If you are not already familiar with the concept of vainglory, you should first look back at the first and second post in this series.
- In the first post, I defined vainglory and explained how it differs from the vice of vanity. The vice of vainglory is, in essence, the disordered desire for the acclaim and recognition of others.
- In the second post, I explained why vainglory is such a big deal. I argued that there are many dangers of vainglory, but the perhaps greatest is that our desire for the approval of others often tempts us away from doing good and even tempts us to doing evil.
A Bit of Auto-Biography
To introduce this problem of vainglory, it will be useful to give a bit of biography. I was first introduced to the vice of vainglory in the Sermon on the Mount. In Chapter 6 of the book of Matthew (you don’t have to be Christian to appreciate this passage as a profound bit of moral psychology), Jesus says:
“‘Be careful not to practice your righteousness in front of others to be seen by them. . . . So when you give to the needy, do not announce it with trumpets, as the hypocrites do in the synagogues and on the streets, to be honored by others. Truly I tell you, they have received their reward in full. But when you give to the needy, do not let your left hand know what your right hand is doing, so that your giving may be in secret. . . .
‘When you fast, do not look somber as the hypocrites do, for they disfigure their faces to show others they are fasting. Truly I tell you, they have received their reward in full. But when you fast, put oil on your head and wash your face, so that it will not be obvious to others that you are fasting, but only to your Father, who is unseen; and your Father, who sees what is done in secret, will reward you.’”
Here, there is a warning against doing good things just for the reputational advantage, and a suggestion that to combat that temptation you do good works in secret.

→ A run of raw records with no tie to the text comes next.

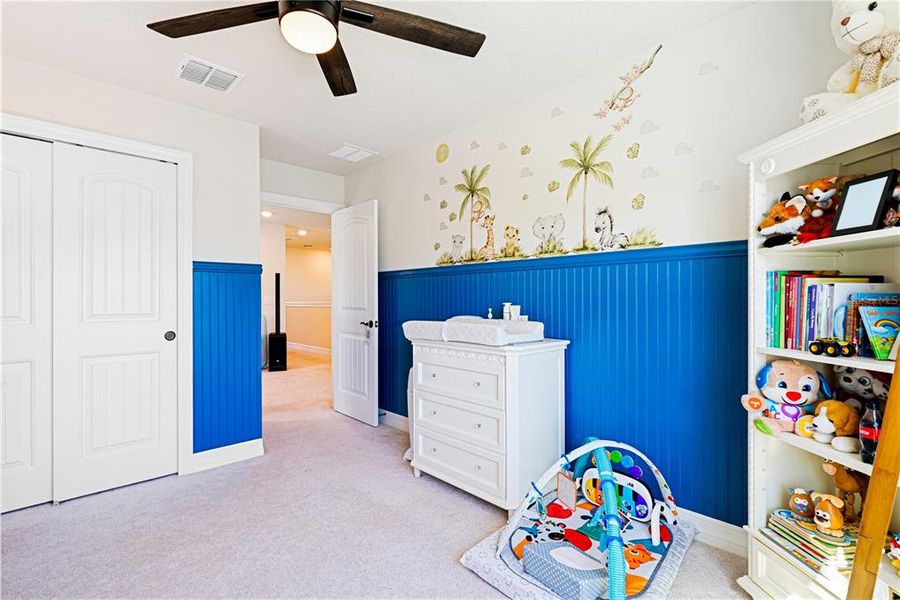 Furnished interior view inside a new home in , Orlando (Image 36). Furnished interior view inside a new home in , Orlando (Image 36).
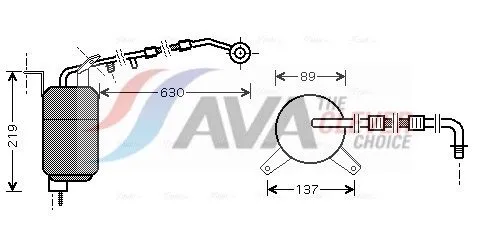 Dryer, air conditioning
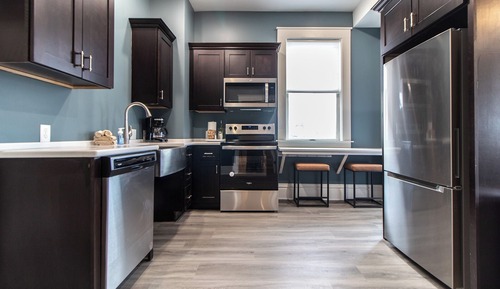 Premium-Apartment, 1 Schlafzimmer, Nichtraucher, Stadtblick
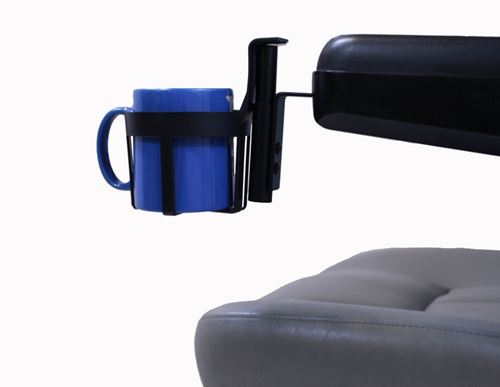 Picture of Plastic Cup Holder for Wheelchairs, Mobility Scooters, & Power Chairs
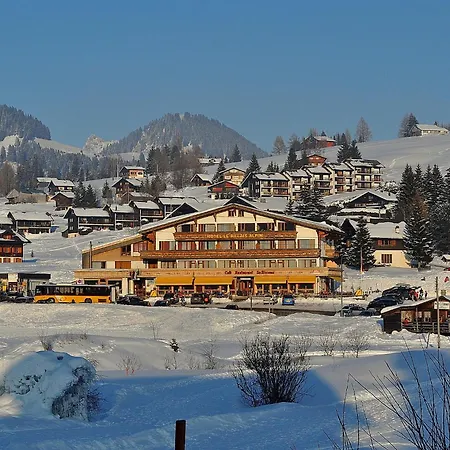 Hotell Le Relais Alpin Les Mosses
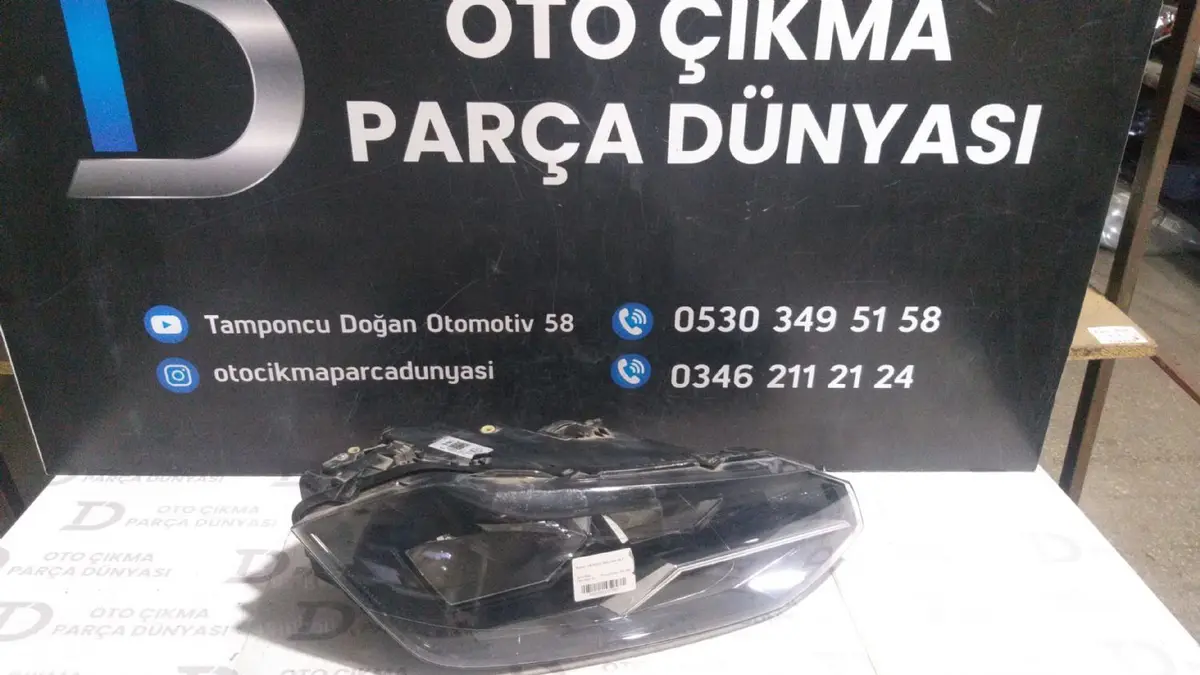 Volkswagen Polo Sağ Far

I took this to heart, not in the sense that I always did my good deeds in secret, but I often would. For example, when donating to a cause I almost always make sure the donation is anonymous. I do this, because each and every time I donate, I’m still hopeful that people will notice and be impressed by my generosity. To put this in more contemporary parlance, I try extremely hard to avoid virtue signaling, because I want to make sure I’m doing these things for the right reasons. Or, at least, that is what I’ve told myself. But here is the problem that I have noticed. If I really look at my own behavior, it becomes clear that at least part of my motivation for doing these things in secret is because I don’t want people to think I’m vainglorious or virtue signaling.
Most of my Facebook friends are either Christians who know the Sermon on the Mount, philosophers familiar with the vice of vainglory, or debaters familiar with the concept of virtue signaling. So, when I donate to a cause and don’t share it on Facebook, am I really doing that to help the poor, or am I doing so because I care about my reputation as not being vainglorious?
Sometimes I’ll donate to a cause and it will say that if I post about it on Facebook others are likely to donate. I would increase the help I give to the poor by bragging a little bit. When I refuse to do so, what is my real motive there? Is it my concern for the poor, or is it instead that I’m too embarrassed others will think that I’m trying to show off?
Rebecca DeYoung, in her book Glittering Vices, says that the best way to combat vainglory is by the practices of “silence and solitude.” That is, we are to do good things alone and then keep silent about them. This does seem to be the best way to train yourself out of vainglory, and yet the vice is so pernicious that I become vainglorious even about that practice itself.
The General Problem: Layers
I am not the first person to notice this problem about vainglory. The problem was put particularly well by John Cassian, the great fourth century mystic:
“Our elders admirably describe the nature of [vainglory] as like that of an onion, and of those bulbs which when stripped of one covering you find to be sheathed in another; and as often as you strip them, you find them still protected. . . . [T]his one when it is beaten rises again keener than ever for the struggle; and when we think that it is destroyed, it revives again, the stronger for its death. The other kinds of vices usually only attack those whom they have overcome in the conflict; but this one pursues its victors only the more keenly; and the more thoroughly it has been resisted, so much the more vigorously does it attack the man who is elated by his victory over it.”
Cassian gives us particular examples. I hate this passage, because it is far to easy to recognize myself in it (note, the point is a good one even without employing the notion of an anthropomorphic devil):
“For where the devil cannot create vainglory in a man by means of his well-fitting and neat dress, he tries to introduce it by means of a dirty, cheap, and uncared-for style. If he cannot drag a man down by honour, he overthrows him by humility. If he cannot make him puffed up by the grace of knowledge and eloquence, he pulls him down by the weight of silence. If a man fasts openly, he is attacked by the pride of vanity. If he conceals it for the sake of despising the glory of it, he is assailed by the same sin of pride.”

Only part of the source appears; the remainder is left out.